9. Chi va via ci cambia irrimediabilmente. Lo dice Casabona parlando di sua moglie Francesca. Per cambiare occorrono questi strappi, questi traumi?
A.: La fine di un rapporto importante impone sempre un cambiamento. Un mondo si chiude e se ne apre un altro, che non sarà mai uguale a prima. Perché quel mondo che finisce non apparteneva solo a noi e senza l’altra persona non potremmo mai ricrearlo nello stesso modo.

10. C’è un altro passaggio che mi è piaciuto molto: In fondo, tutti abbiamo vite non vissute che si sono perse nel passato. Facciamo le nostre scelte e il resto svanisce. Si vive di illusioni? Di rimpianti pensando alle scelte sbagliate?
A.: Le vite possibili sono infinite, ma a noi, purtroppo, ne tocca solo una.
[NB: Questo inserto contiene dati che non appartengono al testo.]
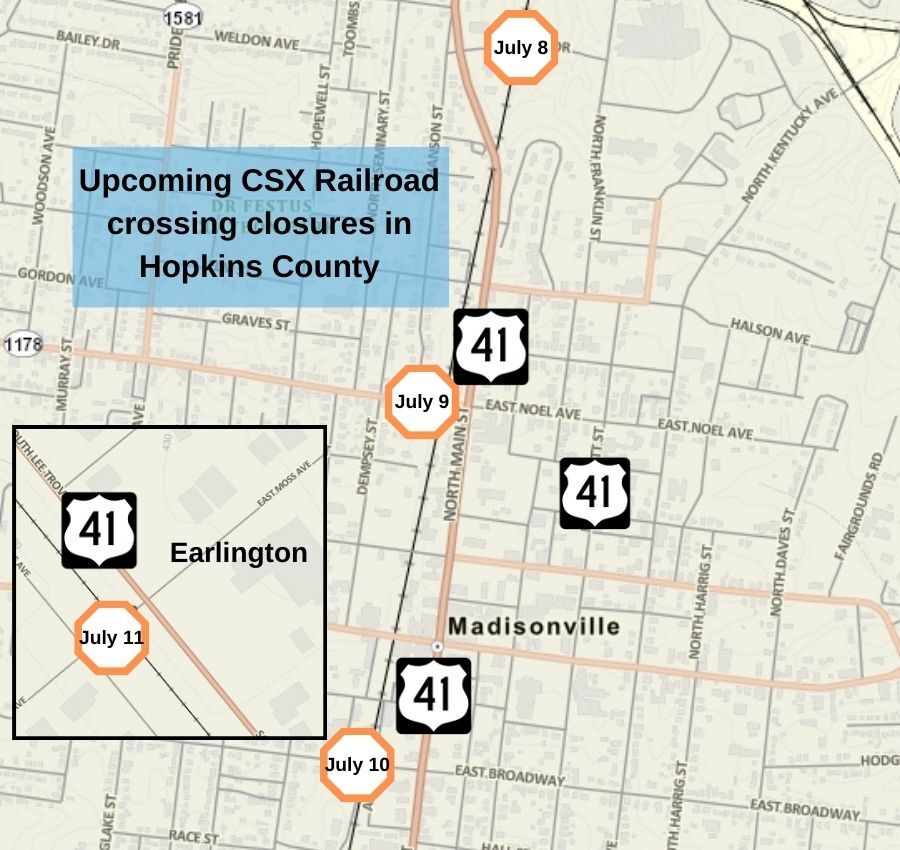 CSX Railroad Closures planned in Christian and Hopkins counties.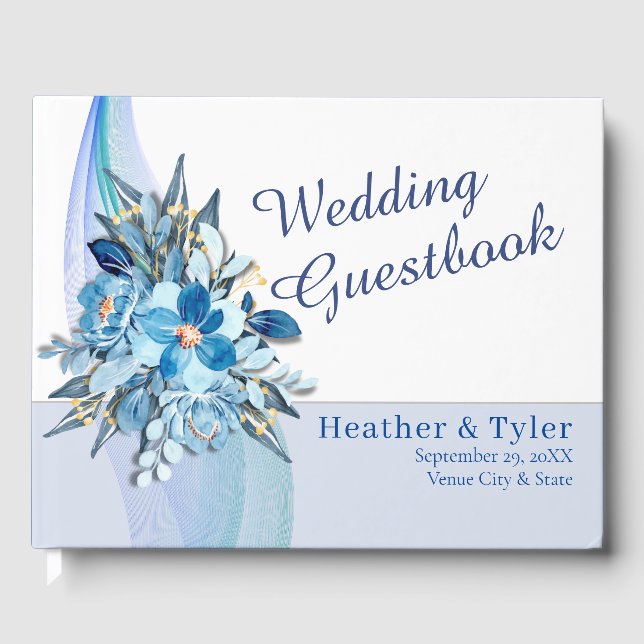 Blue Floral Wedding Guest Book (Front)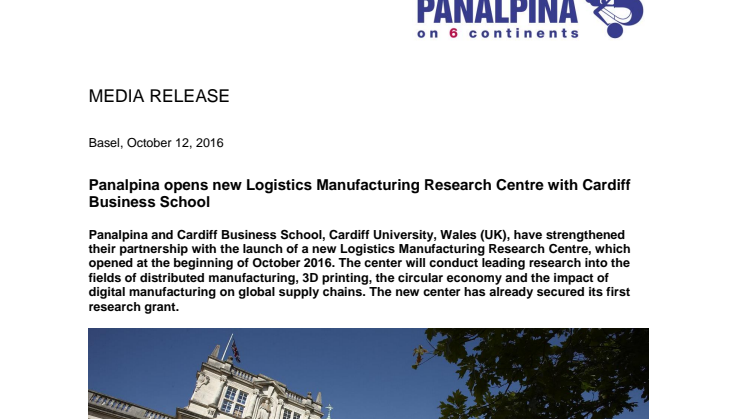 Panalpina opens new Logistics Manufacturing Research Centre with Cardiff Business School
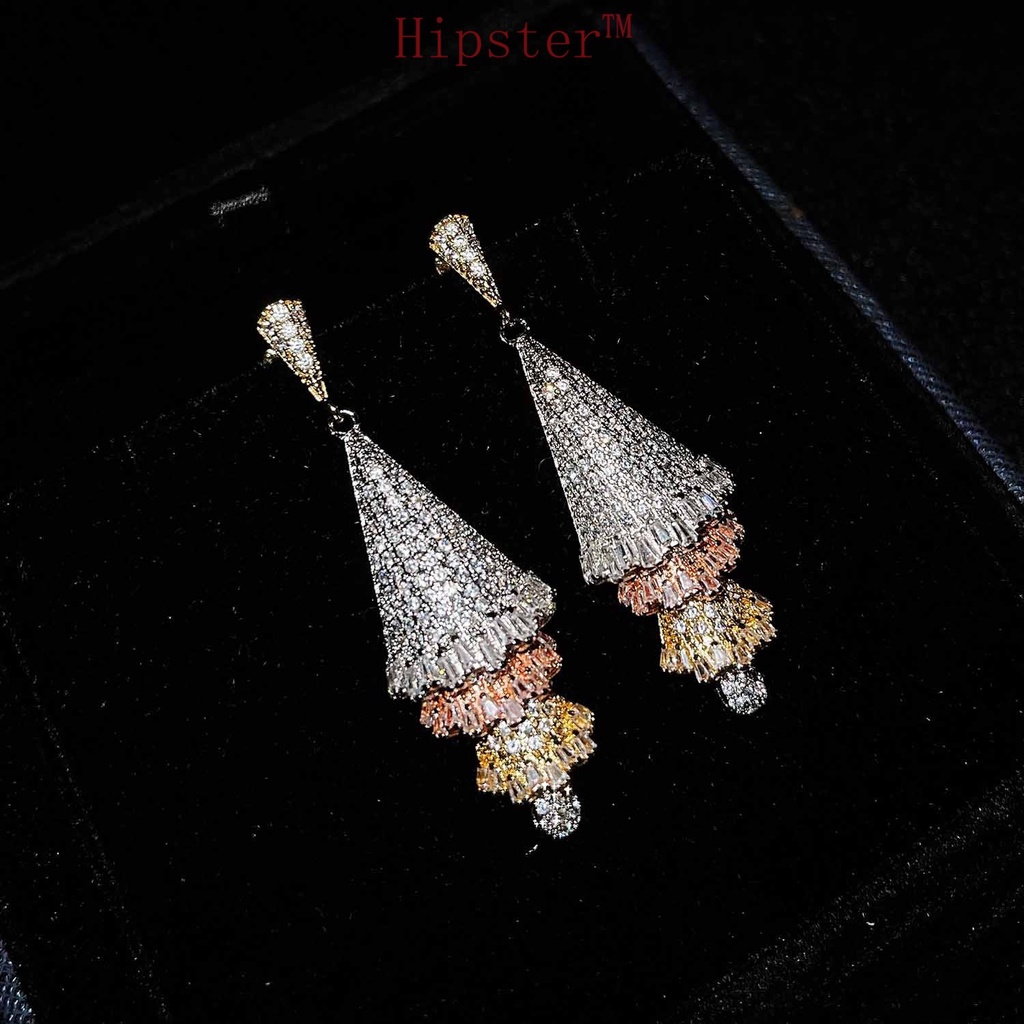 Hot Sale Design Luxury Micro Inlaid Zircon Three-Color Three-Dimensional Skirt Earrings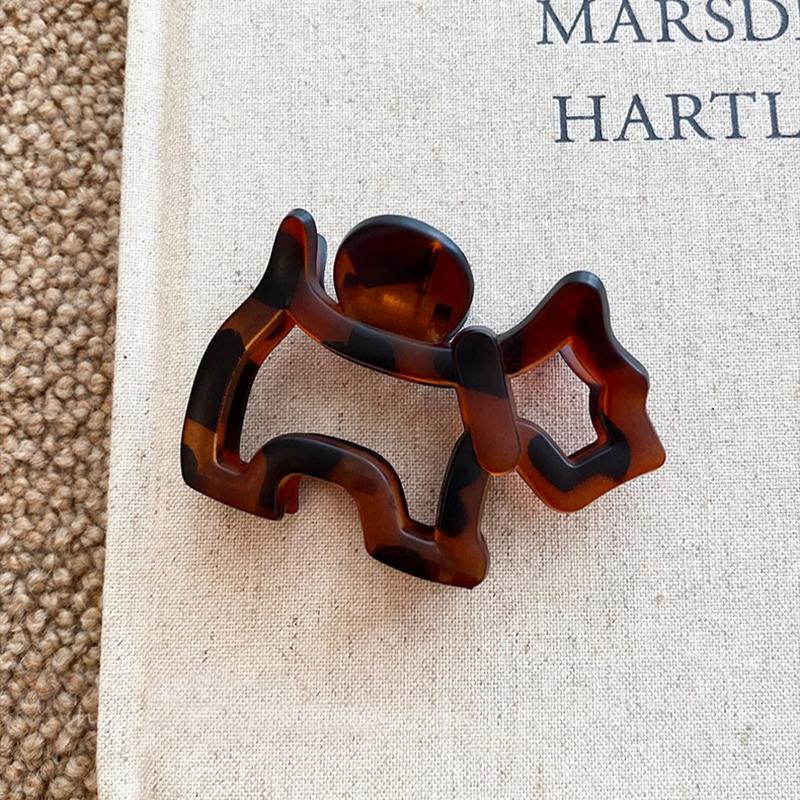 New French Resin Dog Hair Claws for Women Cute High Ponytail Back of Head Hairpin High-End High Volume of Hair Accessories Gift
Questa è la grande crudeltà della condizione umana: il non poter tornare indietro per vedere dove ci avrebbe portato una scelta diversa fatta ad un certo bivio. “La vita ci obbliga a rinunciare a ogni cosa tranne che al nostro destino”, dice Casabona nel romanzo.

11. Siamo la stessa cosa, ma figli di un’opportunità diversa. Da poliziotto e da scrittore, cosa ne pensi quando ti dicono che per catturare o scrivere di un criminale bisogna pensare come un criminale?
A.: Penso che sia vero. Il criminale non è una specie vivente a parte. Il criminale è un essere umano che, in una certa situazione, non ha saputo o non ha potuto trattenere una pulsione atavica della quale non riusciamo a liberarci definitivamente.

12. Pur avendo creato un personaggio seriale, il tuo commissario ha ancora molto da raccontare, secondo me. Ma non hai timore di rimanerne intrappolato? Ci sono altre storie che magari ti frullano per la testa?
A.: È già da un bel po’ che sento il bisogno di scrivere una storia diversa, Spero di riuscire a farlo quanto prima. Casabona non me ne vorrà, lui sa che resterà sempre il mio preferito.